AIM OF THE TASK:
Each line from the one containing "美菱(MELING)电热毯M" to the end of the material below is to be restated exactly, with pictures skipped.

DATA BLOCK:
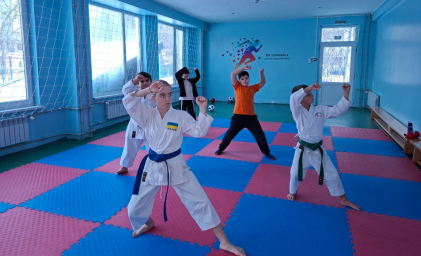 Одеса стала центром підготовки каратистів із Костянтинівки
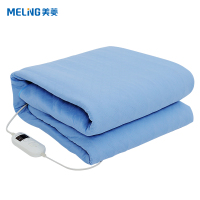 美菱(MELING)电热毯MDR-A864S水暖毯(2.0*1.8米)加大三人加厚节能省电无辐射定时漏电保护电热褥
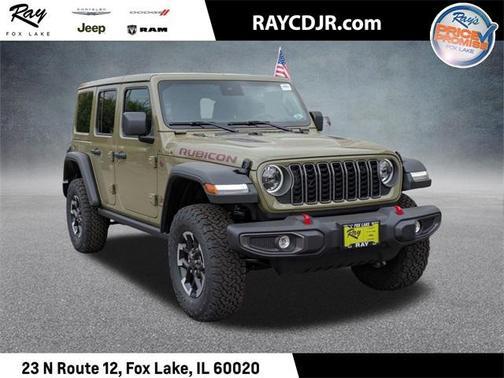 2025 Jeep Wrangler Rubicon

RESPONSE TO THE TASK:
 美菱(MELING)电热毯MDR-A864S水暖毯(2.0*1.8米)加大三人加厚节能省电无辐射定时漏电保护电热褥
 2025 Jeep Wrangler Rubicon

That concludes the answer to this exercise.